The essential security headers for Apache sites are: Strict-Transport-Security (HSTS), X-Frame-Options, X-Content-Type-Options, Referrer-Policy, Permissions-Policy, and Content-Security-Policy. Each protects against a different class of attack.
How do I add Content-Security-Policy in .htaccess?
Use mod_headers: `Header set Content-Security-Policy "default-src 'self'; script-src 'self' 'unsafe-inline'"`. Start with report-only mode to catch violations without blocking anything: `Header set Content-Security-Policy-Report-Only "...policy...;"`.
What is HSTS in .htaccess?
HTTP Strict Transport Security (HSTS) tells browsers to always use HTTPS for your domain, even if the user types `http://`. The header is: `Header always set Strict-Transport-Security "max-age=31536000; includeSubDomains"`. Only add it after HTTPS is working correctly — it's very hard to undo.

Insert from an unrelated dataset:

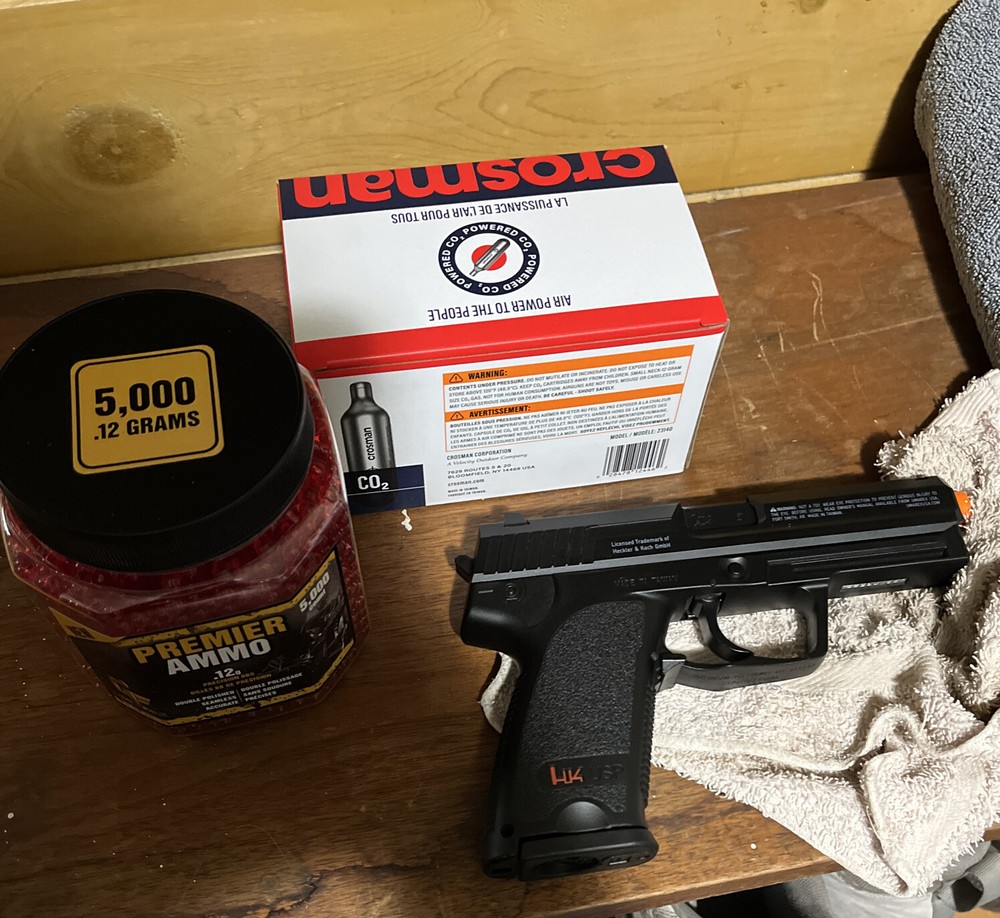 Airsoft  pistol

How do I prevent clickjacking with .htaccess?
`X-Frame-Options: DENY` prevents your site from being embedded in any iframe. `X-Frame-Options: SAMEORIGIN` allows embedding only from your own domain. Use `Content-Security-Policy: frame-ancestors 'self'` for more fine-grained control, as X-Frame-Options is being deprecated.
What is X-Content-Type-Options?
`X-Content-Type-Options: nosniff` prevents browsers from MIME-type sniffing — guessing a file's type based on content when the server sends an incorrect Content-Type. MIME sniffing can allow attackers to serve malicious scripts disguised as harmless files.